Material for this task.
--------------------------------------------------

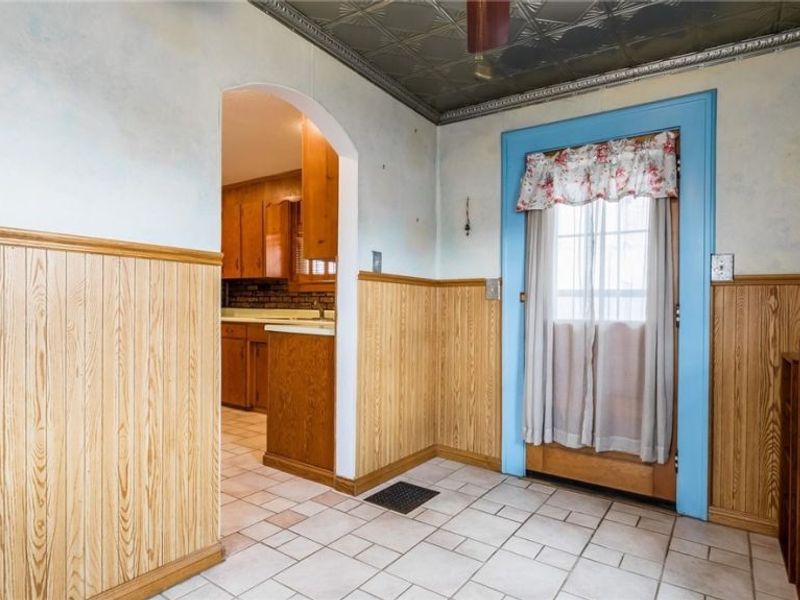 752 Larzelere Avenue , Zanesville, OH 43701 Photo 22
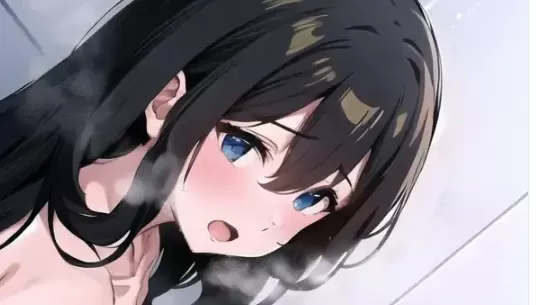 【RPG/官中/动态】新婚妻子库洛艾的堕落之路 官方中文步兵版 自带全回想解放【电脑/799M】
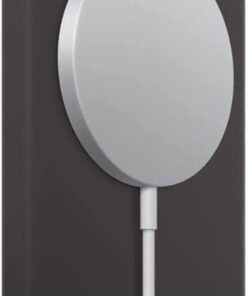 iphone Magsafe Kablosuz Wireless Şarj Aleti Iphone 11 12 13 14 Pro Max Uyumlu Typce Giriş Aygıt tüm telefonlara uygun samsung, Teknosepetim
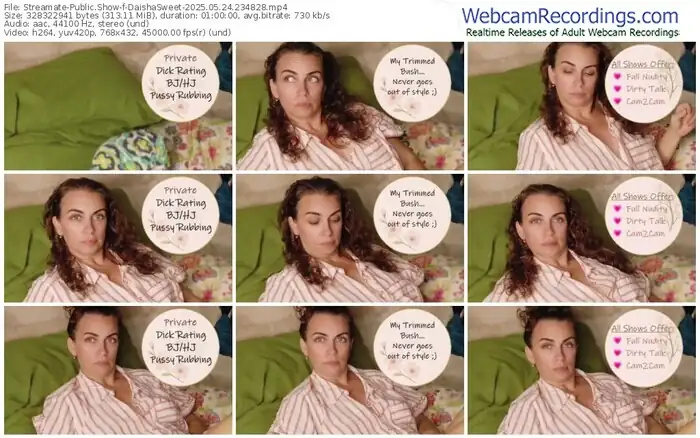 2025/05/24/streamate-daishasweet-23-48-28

--------------------------------------------------

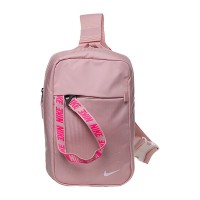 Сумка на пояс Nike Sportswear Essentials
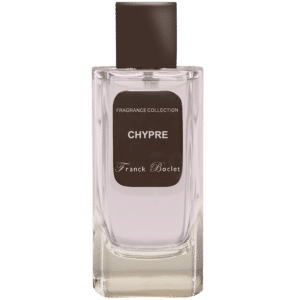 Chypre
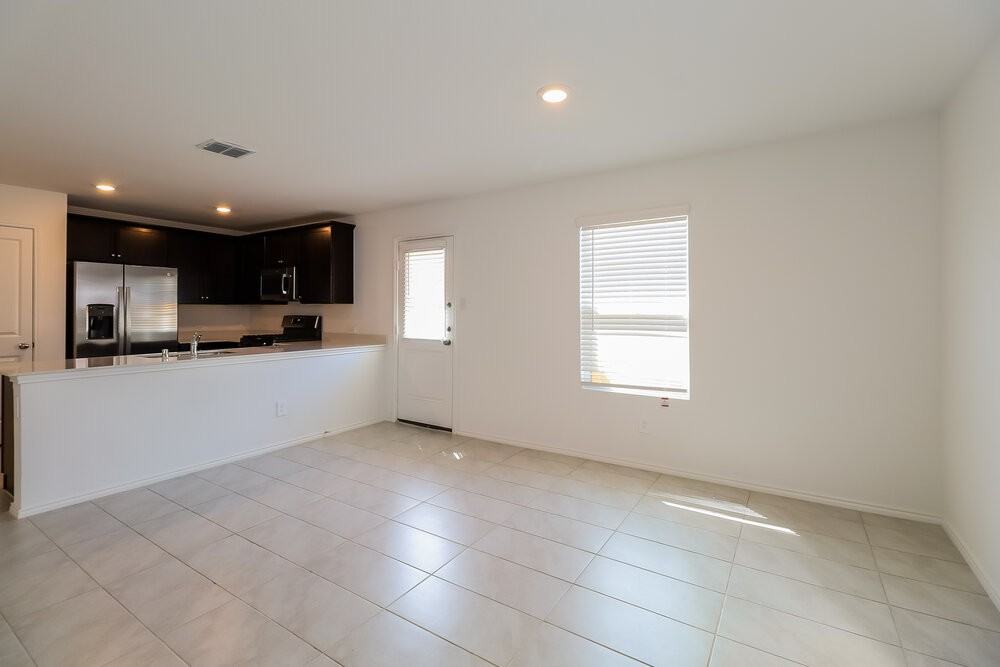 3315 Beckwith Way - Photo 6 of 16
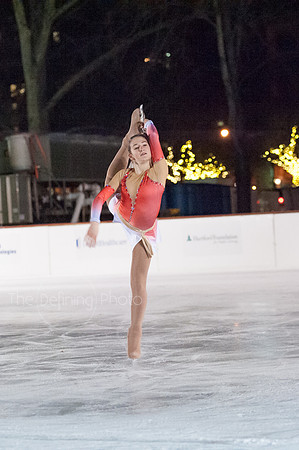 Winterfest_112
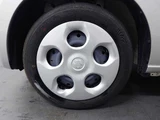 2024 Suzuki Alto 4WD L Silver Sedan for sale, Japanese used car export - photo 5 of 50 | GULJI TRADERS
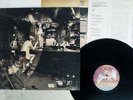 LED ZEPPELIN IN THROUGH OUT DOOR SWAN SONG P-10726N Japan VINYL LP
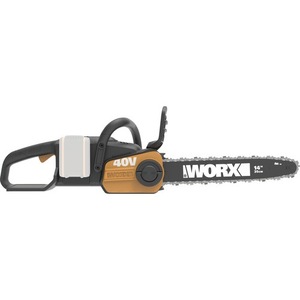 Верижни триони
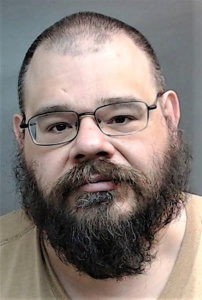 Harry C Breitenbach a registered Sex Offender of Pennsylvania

--------------------------------------------------

Your assignment.
Each line above starting at the one holding "752 Larzelere Avenue" and ending at the one holding "2025/05/24/streamate-daishasweet-23-48-28" should be set down exactly as it stands, both ends included, with no pictures.

Solution to the exercise.
 752 Larzelere Avenue , Zanesville, OH 43701 Photo 22
 【RPG/官中/动态】新婚妻子库洛艾的堕落之路 官方中文步兵版 自带全回想解放【电脑/799M】
 iphone Magsafe Kablosuz Wireless Şarj Aleti Iphone 11 12 13 14 Pro Max Uyumlu Typce Giriş Aygıt tüm telefonlara uygun samsung, Teknosepetim
 2025/05/24/streamate-daishasweet-23-48-28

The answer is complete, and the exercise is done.